To make decoding and encoding of filenames easier, the ckan.lib.io
module
therefore contains the functions decode_path
and encode_path
, which
automatically use the correct encoding:
import io
import json
from ckan.lib.io import decode_path
# __file__ is a byte string, so we decode it
MODULE_FILE = decode_path(__file__)
print(u'Running from ' + MODULE_FILE)
# The functions in os.path return unicode if given unicode
MODULE_DIR = os.path.dirname(MODULE_FILE)
DATA_FILE = os.path.join(MODULE_DIR, u'data.json')

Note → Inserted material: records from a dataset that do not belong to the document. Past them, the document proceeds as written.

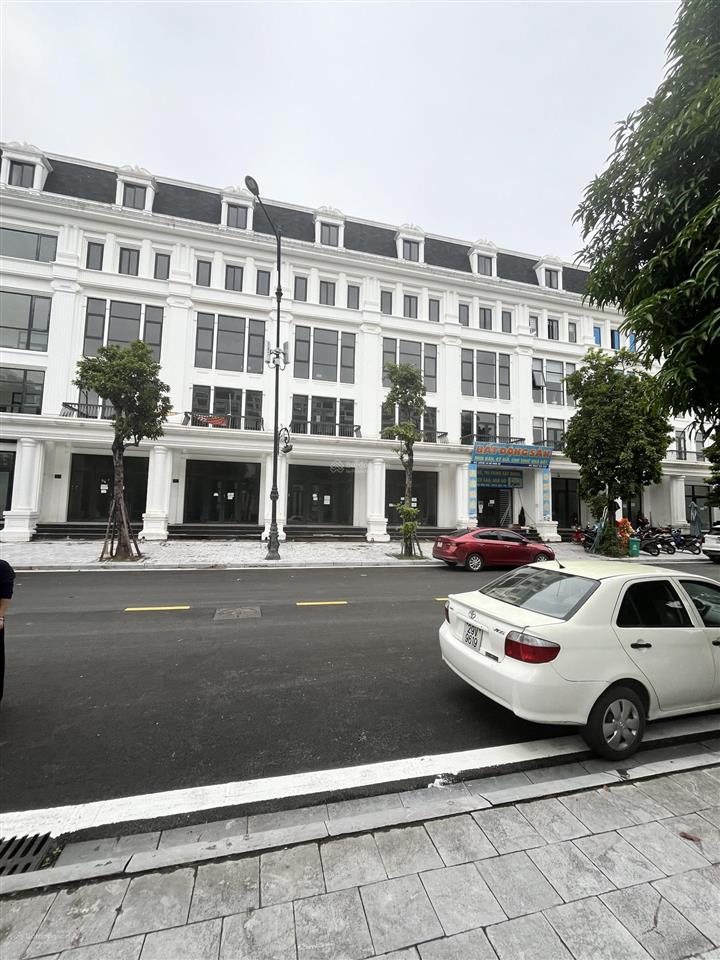 Bán căn góc 200m, đường 13.5m cách đường 30m yên sở 50m, gần trục đường 40m  0961 730 ***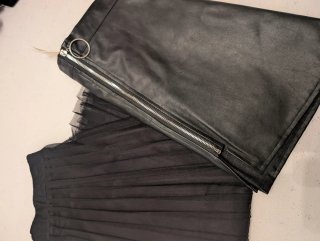 Falda Negra con Cremallera y Tul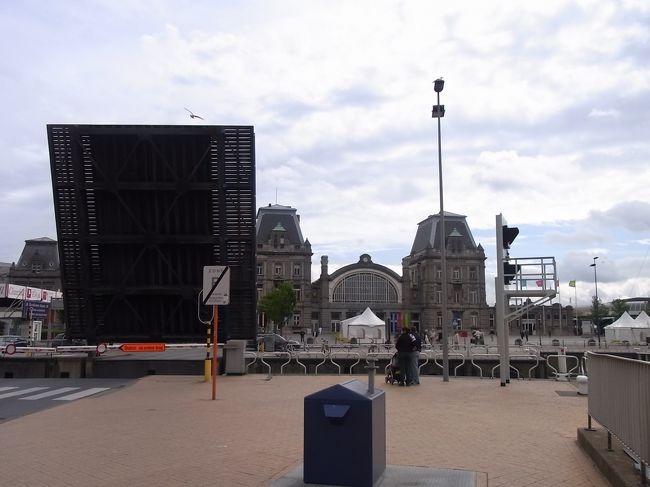 ゲントを目指し駅に向かいます。駅前は跳ね橋になっており、その奥がマリーナです。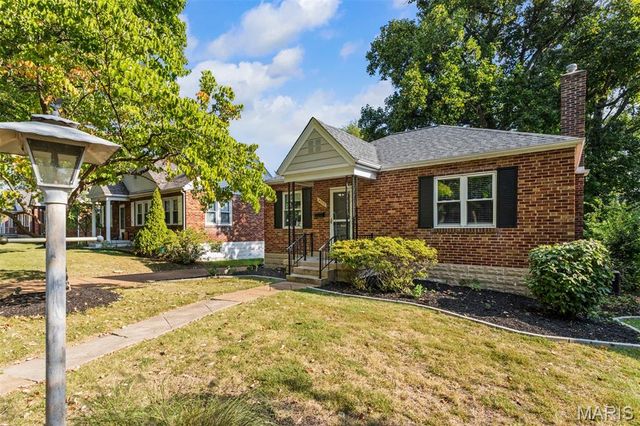 6228 Dexter Drive, Affton, MO 63123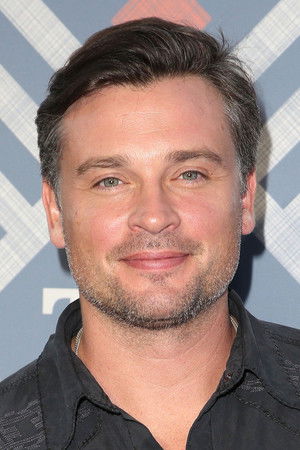 Tom Welling in The Fog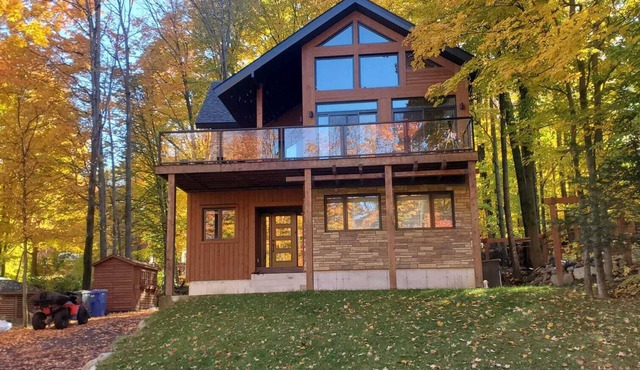 Chalet Ski Bromont: Elegant, Cozy and Convenient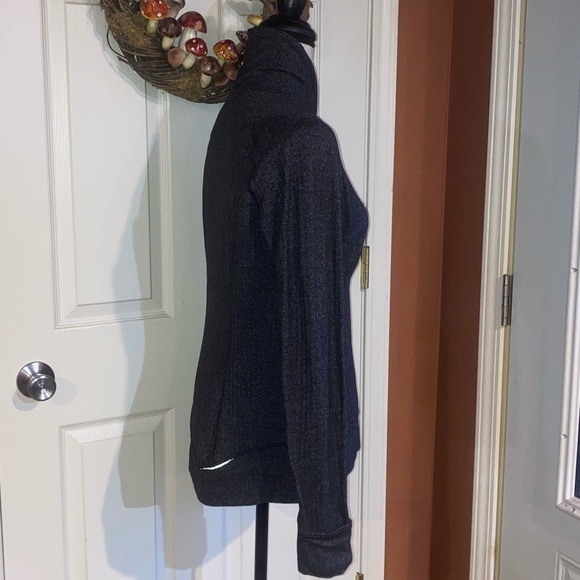 Lululemon Think Fast Pullover Longsleeve Grey Herringbone Athleticwear Top sz 10 - Picture 3 of 10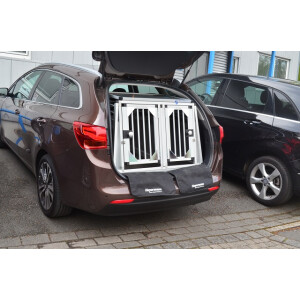 Individuelle Hundetransportbox/ Doppelbox für Kia Ceed SW JD (Individualbau 57)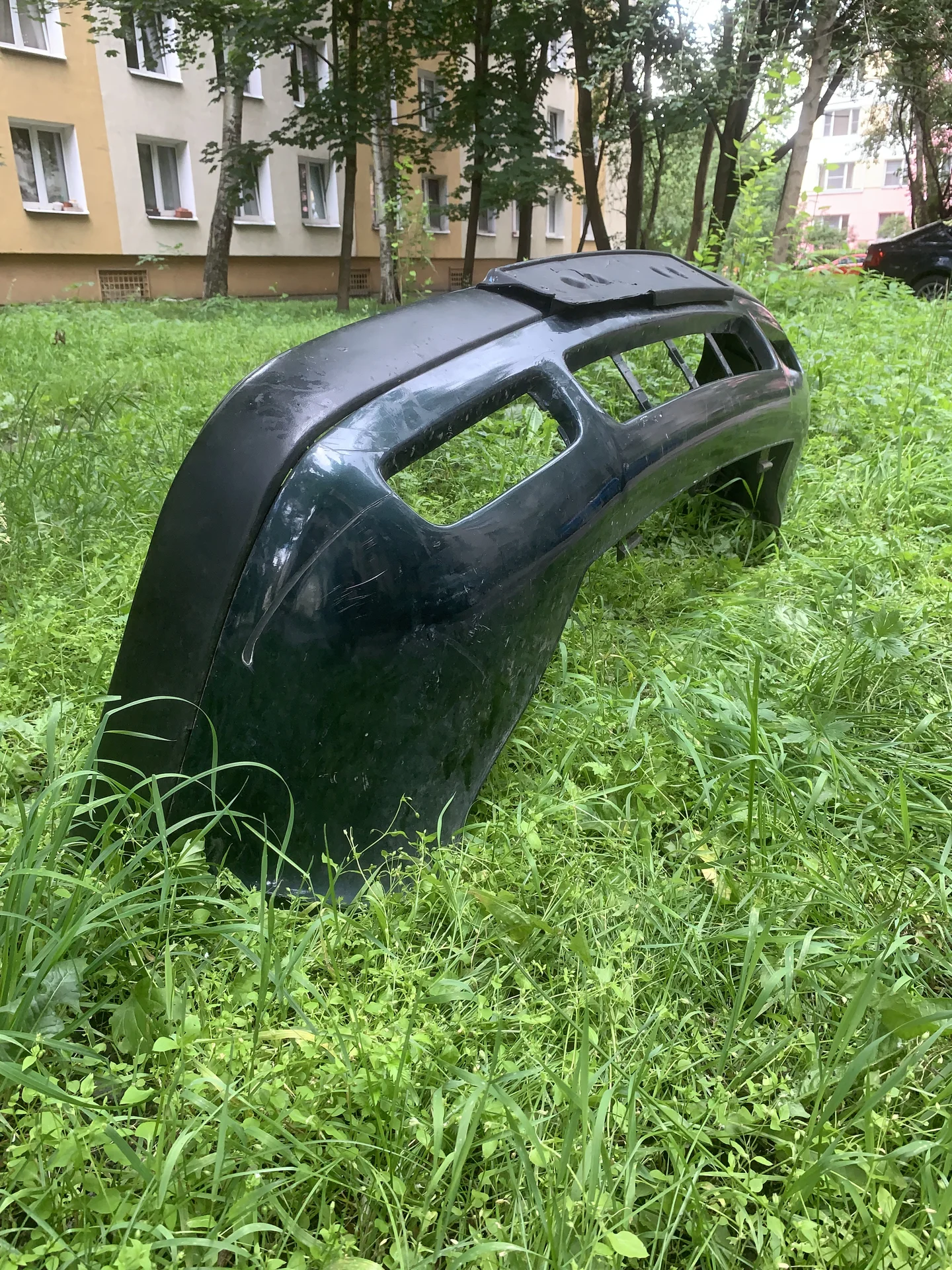Передний бампер Audi 80 b4 - миниатюра 8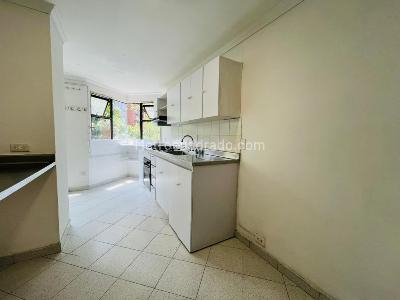 Apartamento de 4 alcobas en arriendo en El Tesoro, Medellín, 137 m² · foto 2 de 20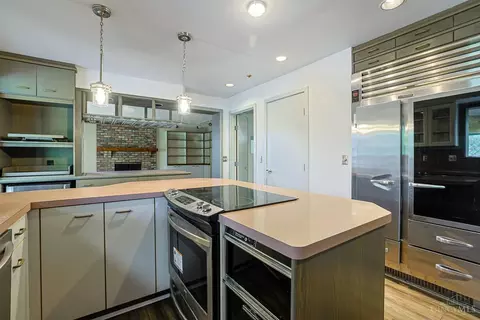 Kitchen - 9566 Galecrest Dr, Cincinnati, OH 45231 photo 6 of 6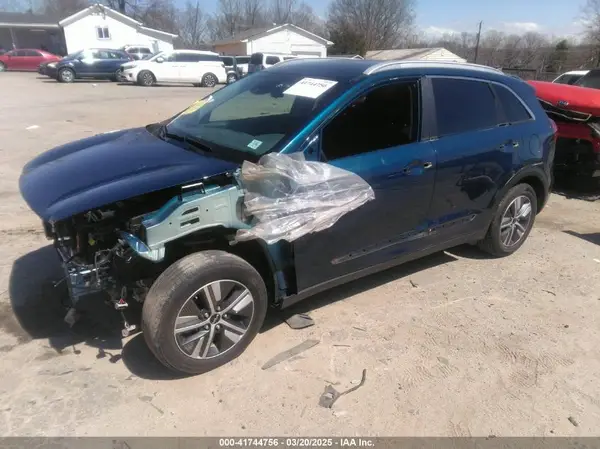 KNDCB3LCXN5510994 2022 KIA NIRO - Image 2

# Most of Python's built-in I/O-functions accept Unicode filenames as input
# and encode them automatically
with io.open(DATA_FILE, encoding='utf-8') as f:
data = json.load(f)
Note that almost all Python’s built-in I/O-functions accept Unicode filenames
as input and encode them automatically, so using encode_path
is usually not
necessary.
The return type of some of Python’s I/O-functions (e.g. os.listdir and os.walk) depends on the type of their input: If passed byte strings they return byte strings and if passed Unicode they automatically decode the raw filenames to Unicode before returning them. Other functions exist in two variants that return byte strings (e.g. os.getcwd) and Unicode (os.getcwdu), respectively.
Warning
Some of Python’s I/O-functions may return both byte and Unicode strings for a single call. For example, os.listdir will normally return Unicode when passed Unicode, but filenames that cannot be decoded using the filesystem encoding will still be returned as byte strings!
Note that if the filename of an existing file cannot be decoded using the filesystem’s encoding then the environment Python is running in is most probably incorrectly set up.
The instructions above are meant for the names of existing files that are
obtained using Python’s I/O functions. However, sometimes one also wants to
create new files whose names are generated from unknown sources (e.g. user
input). To make sure that the generated filename is safe to use and can be
represented using the filesystem’s encoding use
ckan.lib.munge.munge_filename
:
>> ckan.lib.munge.munge_filename(u'Data from Linköping (year: 2016).txt')
u'data-from-linkoping-year-2016.txt'
Note
munge_filename
will remove a leading path from the filename.